Confirmatory factor analysis

A one-factor model exhibited a poor fit: RMSEA = 0.099; CFI = 0.932; TLI = 0.910; SRMR = 0.060; χ2 (27) = 311.061. Factor loadings ranged from 0.388 for the irritation/anger item to 0.721 for the mental stamina item (M = 0.574, SD = 0.119). Residual variances ranged from 0.480 for the mental stamina item to 0.849 for the irritation/anger item.

ESEM bifactor analysis

The specified ESEM bifactor structure showed an acceptable fit: RMSEA = 0.065; CFI = 0.987; TLI = 0.961; SRMR = 0.016; χ2 (12) = 66.276. All items loaded > 0.300 on the general Exhaustion Disorder factor (M = 0.538, SD = 0.130), but only one item (experience of demands) displayed a factor loading exceeding 0.700. The Physical bifactor was relatively well-delineated; this was less the case for the Psychological bifactor. The scale-level ECV index had a value of 0.716, indicating that the general factor accounted for about 72% of the common variance extracted. Factor loadings and ECV indices are available in Table 4. OmegaH was 0.680, indicating that a substantial proportion of the variance in total scores could not be attributed to the general factor.

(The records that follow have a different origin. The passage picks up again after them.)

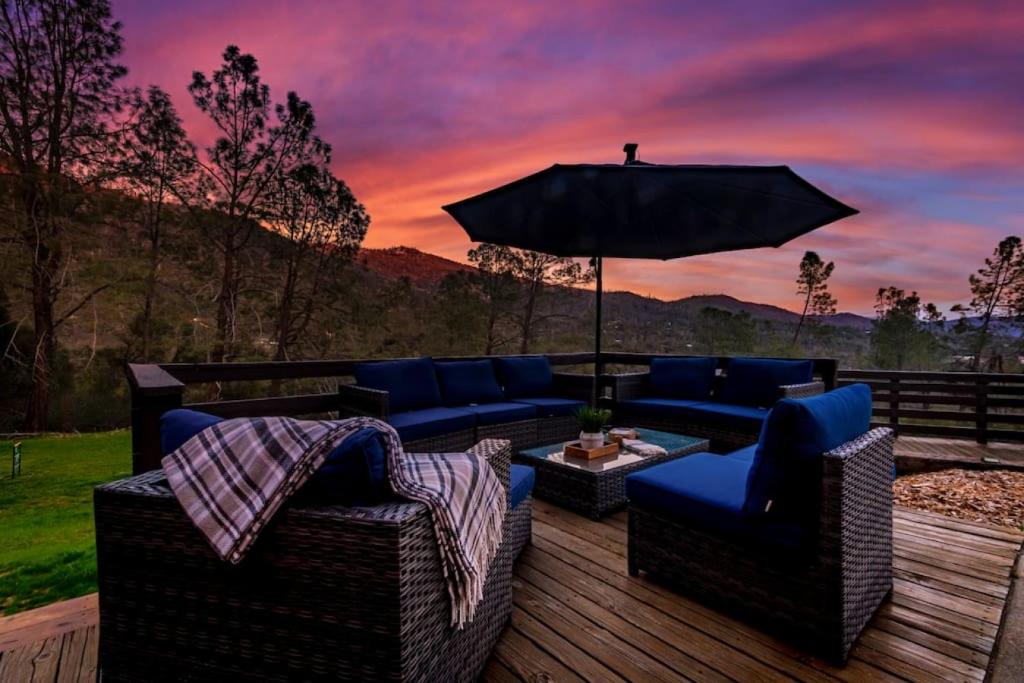 un patio con sofás y una sombrilla en una terraza en Sierra Vista Lookout Lodge with Creek, Waterfall and Waterholes, minutes from Bass Lake and Yosemite South Gate, en North Fork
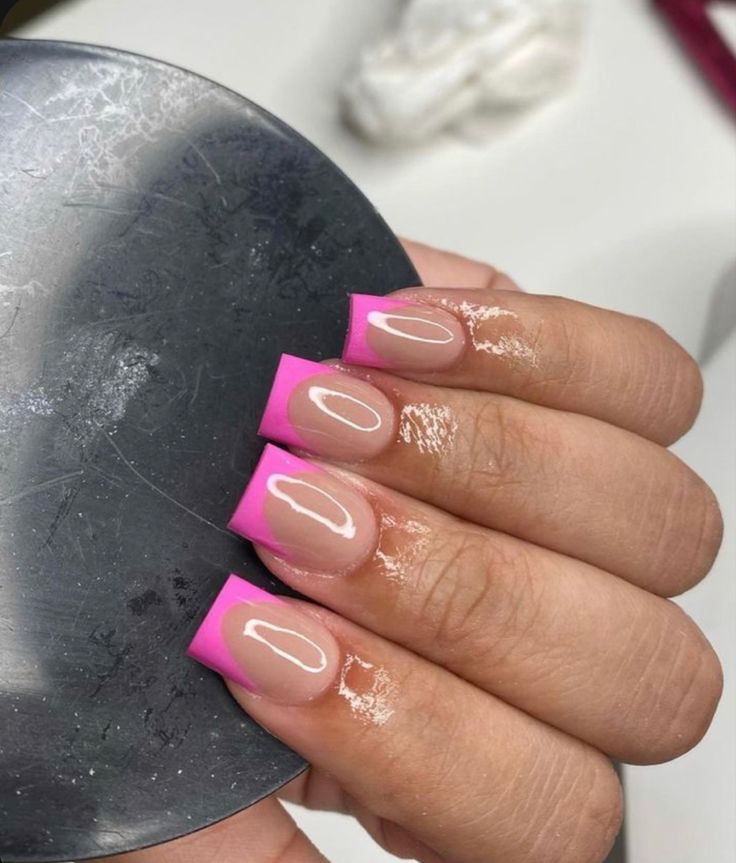 Bold Pink French Tip Nail Design: A Playful Take on Classic Style.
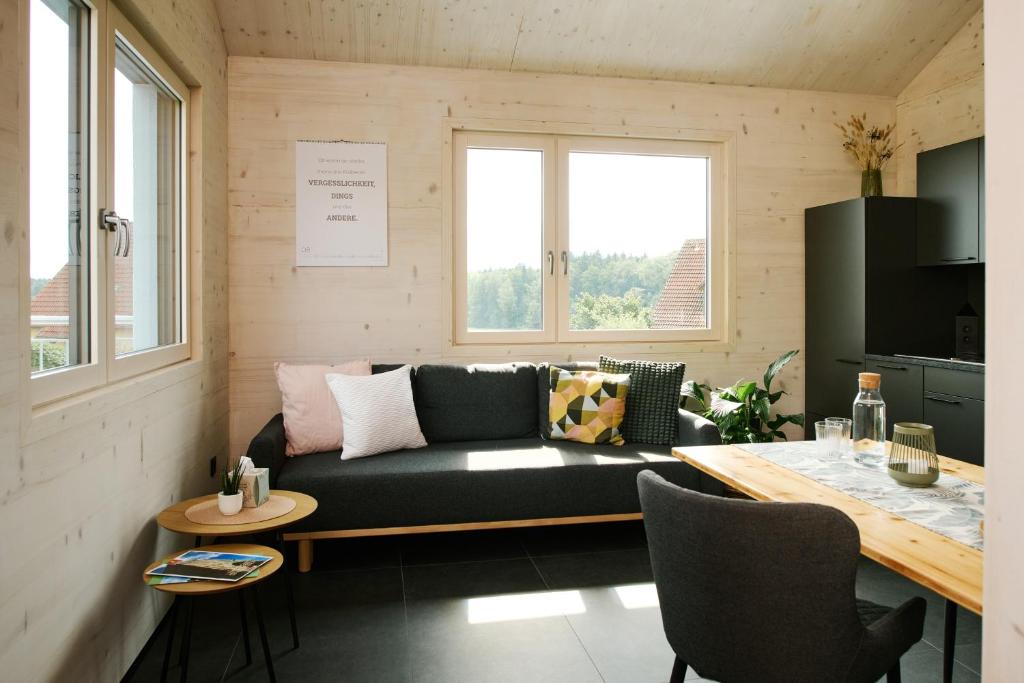 a living room with a couch and a table at Ferienwohnung HolzGenuss in Lehrberg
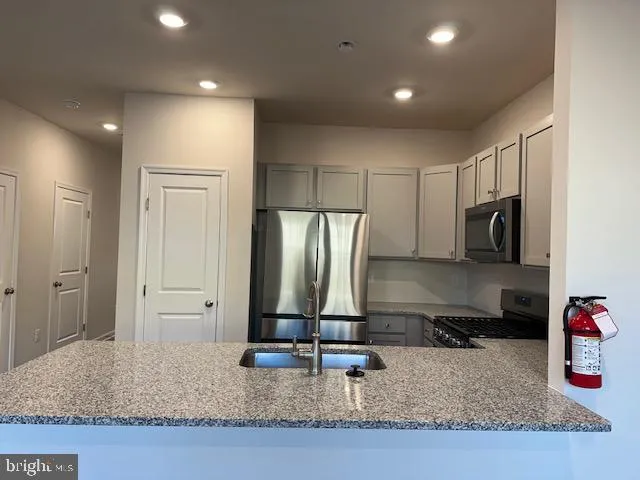 a kitchen with kitchen island granite countertop a sink and refrigerator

Table 4 Exploratory structural equation modeling bifactor analysis of the Karolinska Exhaustion Disorder Scale (KEDS)

Homogeneity and total-score reliability

The scale-level H coefficient was 0.296 (SE = 0.014; 95% CI = 0.268–0.323), meaning that the KEDS total score did not accurately rank individuals on a latent continuum. Using the automated item selection procedure, we found items 3, 6, and 9 (physical stamina, sleep, and irritation/anger) to be unscalable at the threshold of 0.296. These findings suggest that the scale cannot be considered unidimensional and that a total-score approach is likely ill-advised in practice (see Supplementary Material Tables S1 and S2 for more granular information).

Cronbach's alpha had a value of 0.763. Both Guttman’s lambda-2 and the Molenaar-Sijtsma statistic reached 0.765, below our threshold of 0.80 as a minimum for satisfactory reliability. The obtained coefficients thus signaled considerable measurement error, suggesting problematic total-score reliability.

Measurement invariance analysis

Upon preregistration, the measurement invariance analysis of the KEDS was planned to target a unidimensional model. Because our results showed that the scale can barely be regarded as unidimensional, results from this analysis are reported indicatively in the Supplementary Material (Table S3). In brief, the fit indices did not deteriorate as we added constraints from configural to metric to scalar models, suggesting invariance across sexes and age groups.

Discussion

The present study examined the psychometric and structural properties of the KEDS in a sample of 1,072 ED patients. While the KEDS was designed to capture a unitary construct, results from our CFA and ESEM bifactor analysis provided little support for the scale’s essential unidimensionality. Consistent with our factor analytic findings, a homogeneity analysis indicated that the use of the KEDS’s total score is likely ill-advised. One-third of the items did not align well on the latent continuum assumed to underlie the measure. Furthermore, the total-score reliability of the instrument was modest, with values in the 0.70 s. Such values, which reveal considerable measurement error, are considered insufficient for scales meant to be used in basic research, and clearly problematic for instruments intended to be employed in applied settings [27, 28].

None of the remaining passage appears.